State of the Union: ya wey, porfavor idiota
Wednesday, January 25, 2017
Do y'all believe in a jinx? Like if you announce good things too soon, they'll come to an abrupt end? I am shamefully admitting that I do. But. . . who cares!
Usually, and I think quite naturally, I go through these ups and downs. I notice both currents, though I usually attribute the "down" and the "coasting" to the natural cycles of life, the ups I definitely take note of. This has to do more with action than thoughts. Since I came back from Mexico, I am just being more productive, efficient, and energized. I think my soul was finally tired of me, because none of this was premeditated. I want to say it won't be short lived since it's natures gift and I am just doing the little things to ensure I don't fall of the horse. I'm not overthinking it (is writing a blog post defeating the purpose?)
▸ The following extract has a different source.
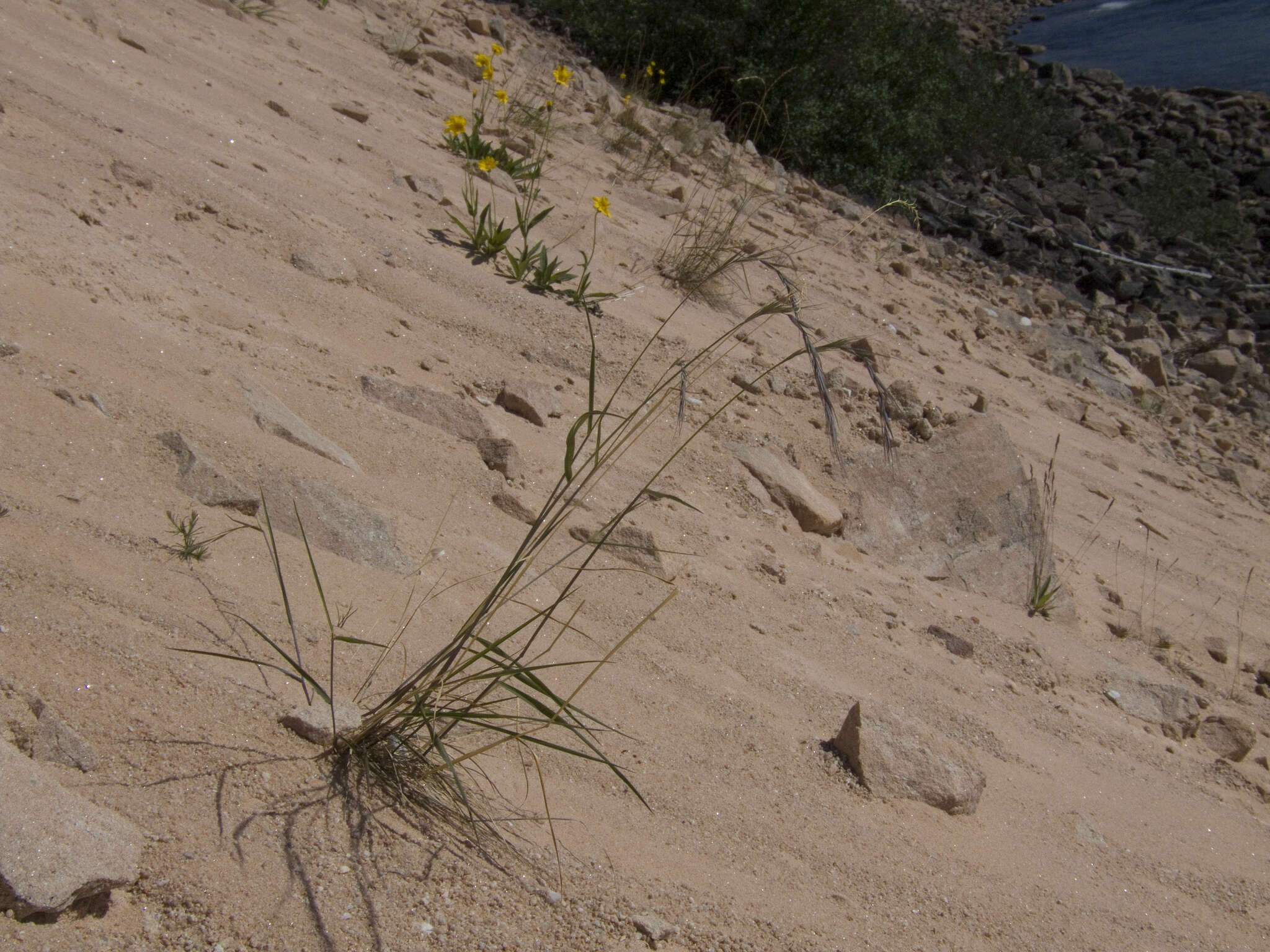 Imagem de Elymus confusus (Roshev.) Tzvelev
On an unrelated, but related to the title, note. Trump is grinding me to the ground. These last few days have been quite (negatively) eventful. You know, I wish I could blacklist the word Trump off my Facebook because I am honestly so tired of him. I would do this with a good conscious since I do get my current events information OUTSIDE of Facebook. I rather check in with DC a few times a day at my leisure than have him be every other topic on my newsfeed. But at least people are aware.
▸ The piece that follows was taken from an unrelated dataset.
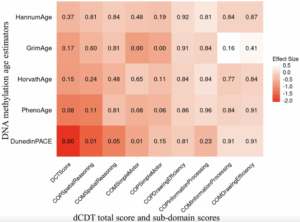 Faster Biological Aging Linked to Cognitive Decline in Older Adults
Another unrelated note, my internet has been out for a couple days now. You don't know how much you need it until it's gone. I thought it was something to do with the wiring inside the home, but they checked and I guess someone cut a wire outside while they were doing some work. Hopefully it will be back up by tomorrow. I am at Barnes and Noble feeling the caffeine from my chai tea and the sugar from my cookie rushing through my veins.
Another unrelated note, I was in class jotting down a ppt lecture from a guest professor. I didn't catch a sentence or two, so after class I went to him for clarification. He explained and as I wrote what he was saying, I wrote "of upmost importance." He was like that here *points* will be "utmost." He did it in the nicest, nonchalant way. But honestly, I died in that moment. I am still traumatized because I think about that exchange once every hour and I feel so dumb for making that mistake. But I promise I'll try to stop thinking about it.
It's been a while since dreamy interior design:
Overly caffeinated,
Melissa.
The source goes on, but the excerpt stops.